A aquellas palabras, el viento ceso de repente, un silencio solemne reinó en landa, como si la misma tierra se parara para escuchar el eco de las buenas palabras que por primera vez resonaban en aquel paraje. La piedra de la Muerte se resquebrajo y dejó escapar espesas nubes de humo. Luego  un trueno retumbo en lontananza, el horizonte se iluminó de reflejos rojos que aclararon la llanura. Poco  a poco los rayos rojos se apagaron. Y cielo y tierra confundiéronse en las mismas tinieblas. La piedra se cerró de nuevo, un perfume de incienso se esparció por el aire, y el fantasma condenado cayó de rodillas ante el sacerdote implorando perdón. El milagro se había cumplido; el alma del delincuente, gracias a aquel acto de bondad, había sentido remordimientos por sus fechorías, habíase arrepentido de sus pecados. El desgraciado  pasó  toda la noche a los pies del santo varón, el cual, con los ojos vueltos hacia el cielo, rezaba con fervor por su perdón, por su salvación.

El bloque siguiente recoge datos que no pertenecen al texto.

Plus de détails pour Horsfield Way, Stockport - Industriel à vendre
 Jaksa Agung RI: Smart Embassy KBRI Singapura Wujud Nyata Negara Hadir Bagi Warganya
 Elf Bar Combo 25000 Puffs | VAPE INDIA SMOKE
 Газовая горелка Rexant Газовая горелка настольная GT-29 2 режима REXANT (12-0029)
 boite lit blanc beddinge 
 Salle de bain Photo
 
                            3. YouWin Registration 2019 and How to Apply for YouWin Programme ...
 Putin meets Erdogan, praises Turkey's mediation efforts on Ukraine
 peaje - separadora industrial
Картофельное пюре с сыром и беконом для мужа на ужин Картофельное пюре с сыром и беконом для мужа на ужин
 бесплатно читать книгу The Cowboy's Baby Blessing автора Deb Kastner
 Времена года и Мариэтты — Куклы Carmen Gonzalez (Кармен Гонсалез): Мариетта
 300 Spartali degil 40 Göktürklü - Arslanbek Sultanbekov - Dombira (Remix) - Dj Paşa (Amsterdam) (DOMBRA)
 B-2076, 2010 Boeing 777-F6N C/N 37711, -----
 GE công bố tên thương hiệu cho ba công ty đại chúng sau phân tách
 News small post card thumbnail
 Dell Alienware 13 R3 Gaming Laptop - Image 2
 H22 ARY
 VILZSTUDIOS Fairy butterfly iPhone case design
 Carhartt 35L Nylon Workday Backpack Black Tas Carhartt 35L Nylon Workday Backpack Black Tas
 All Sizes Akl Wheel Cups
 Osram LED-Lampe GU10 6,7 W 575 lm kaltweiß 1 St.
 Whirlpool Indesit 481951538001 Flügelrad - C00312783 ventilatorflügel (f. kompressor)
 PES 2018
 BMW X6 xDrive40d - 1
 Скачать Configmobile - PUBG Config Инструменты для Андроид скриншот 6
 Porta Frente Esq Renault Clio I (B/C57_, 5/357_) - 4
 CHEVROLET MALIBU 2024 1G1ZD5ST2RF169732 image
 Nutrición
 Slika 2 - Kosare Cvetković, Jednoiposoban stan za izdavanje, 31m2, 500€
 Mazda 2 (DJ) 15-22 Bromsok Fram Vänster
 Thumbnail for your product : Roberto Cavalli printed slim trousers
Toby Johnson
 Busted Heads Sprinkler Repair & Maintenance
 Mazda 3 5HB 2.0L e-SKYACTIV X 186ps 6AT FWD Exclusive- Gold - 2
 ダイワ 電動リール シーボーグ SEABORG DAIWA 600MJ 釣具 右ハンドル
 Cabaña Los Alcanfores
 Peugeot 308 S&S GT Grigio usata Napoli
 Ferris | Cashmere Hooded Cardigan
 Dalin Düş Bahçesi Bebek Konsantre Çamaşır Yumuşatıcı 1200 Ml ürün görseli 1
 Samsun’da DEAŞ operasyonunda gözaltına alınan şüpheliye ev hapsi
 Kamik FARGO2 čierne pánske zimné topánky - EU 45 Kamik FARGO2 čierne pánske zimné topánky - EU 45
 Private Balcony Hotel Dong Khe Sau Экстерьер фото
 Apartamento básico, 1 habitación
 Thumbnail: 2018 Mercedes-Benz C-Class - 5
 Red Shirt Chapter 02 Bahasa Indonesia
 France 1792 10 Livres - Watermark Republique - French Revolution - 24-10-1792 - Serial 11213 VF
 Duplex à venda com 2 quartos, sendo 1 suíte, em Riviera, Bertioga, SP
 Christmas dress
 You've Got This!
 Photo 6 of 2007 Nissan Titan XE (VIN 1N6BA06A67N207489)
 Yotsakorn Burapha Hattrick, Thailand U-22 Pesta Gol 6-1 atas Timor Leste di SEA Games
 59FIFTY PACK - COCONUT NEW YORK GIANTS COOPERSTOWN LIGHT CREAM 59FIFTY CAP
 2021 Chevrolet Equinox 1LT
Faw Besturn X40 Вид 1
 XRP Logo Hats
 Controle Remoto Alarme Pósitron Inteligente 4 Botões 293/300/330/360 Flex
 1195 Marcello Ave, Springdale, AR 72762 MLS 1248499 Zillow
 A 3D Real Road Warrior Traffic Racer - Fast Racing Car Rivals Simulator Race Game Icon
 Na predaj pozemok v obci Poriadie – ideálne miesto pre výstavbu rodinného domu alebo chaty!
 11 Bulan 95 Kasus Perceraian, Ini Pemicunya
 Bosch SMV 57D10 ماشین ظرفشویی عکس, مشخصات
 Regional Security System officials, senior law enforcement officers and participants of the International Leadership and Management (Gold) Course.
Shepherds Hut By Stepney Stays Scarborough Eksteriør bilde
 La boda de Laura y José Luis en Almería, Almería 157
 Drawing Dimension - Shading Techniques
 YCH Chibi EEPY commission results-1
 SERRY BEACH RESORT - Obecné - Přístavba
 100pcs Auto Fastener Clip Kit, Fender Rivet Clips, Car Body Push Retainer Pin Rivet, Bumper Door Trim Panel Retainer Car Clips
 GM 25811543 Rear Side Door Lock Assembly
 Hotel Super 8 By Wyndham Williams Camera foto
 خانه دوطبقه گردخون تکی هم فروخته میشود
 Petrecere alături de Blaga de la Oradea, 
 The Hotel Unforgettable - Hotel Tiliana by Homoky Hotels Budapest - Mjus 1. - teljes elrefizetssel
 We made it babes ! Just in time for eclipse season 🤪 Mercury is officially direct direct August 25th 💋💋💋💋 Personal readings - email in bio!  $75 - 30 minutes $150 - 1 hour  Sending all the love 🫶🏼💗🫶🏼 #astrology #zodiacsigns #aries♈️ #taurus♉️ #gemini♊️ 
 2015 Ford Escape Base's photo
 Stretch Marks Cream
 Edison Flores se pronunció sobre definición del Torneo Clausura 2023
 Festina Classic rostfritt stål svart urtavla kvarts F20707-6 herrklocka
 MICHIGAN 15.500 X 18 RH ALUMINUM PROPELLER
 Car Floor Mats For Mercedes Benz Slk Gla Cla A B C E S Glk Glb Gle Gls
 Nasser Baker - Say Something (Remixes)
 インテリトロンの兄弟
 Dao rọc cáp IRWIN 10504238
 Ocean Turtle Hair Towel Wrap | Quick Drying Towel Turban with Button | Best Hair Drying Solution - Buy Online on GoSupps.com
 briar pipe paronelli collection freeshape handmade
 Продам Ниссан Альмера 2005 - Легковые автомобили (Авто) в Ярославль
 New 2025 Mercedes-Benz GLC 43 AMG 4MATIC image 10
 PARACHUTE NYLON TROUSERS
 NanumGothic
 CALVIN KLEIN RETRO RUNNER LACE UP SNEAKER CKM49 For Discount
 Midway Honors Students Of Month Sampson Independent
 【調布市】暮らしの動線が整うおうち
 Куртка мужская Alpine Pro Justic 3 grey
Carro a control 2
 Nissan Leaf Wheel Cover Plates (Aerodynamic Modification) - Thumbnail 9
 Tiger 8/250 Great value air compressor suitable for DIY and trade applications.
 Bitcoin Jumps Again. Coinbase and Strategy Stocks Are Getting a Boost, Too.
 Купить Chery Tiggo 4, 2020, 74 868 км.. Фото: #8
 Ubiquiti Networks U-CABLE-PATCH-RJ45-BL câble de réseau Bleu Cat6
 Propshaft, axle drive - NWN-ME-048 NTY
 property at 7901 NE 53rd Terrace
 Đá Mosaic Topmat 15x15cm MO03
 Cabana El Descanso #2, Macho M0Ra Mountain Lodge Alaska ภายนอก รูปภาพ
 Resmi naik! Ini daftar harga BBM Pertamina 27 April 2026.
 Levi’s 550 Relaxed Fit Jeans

Con las primeras luces del alba, la niebla desapareció; millares y millares de flores se abrieron en el desierto, cuajadas de rocío; los pájaros cantaban, trenzando sus alegres vuelos; la primavera, por primera vez, reinaba en aquella desolada región. Purificada por el arrepentimiento, el alma del pecador, finalmente serena, subió a las altas esferas celestiales, irradiando esplendentes rayos de sol.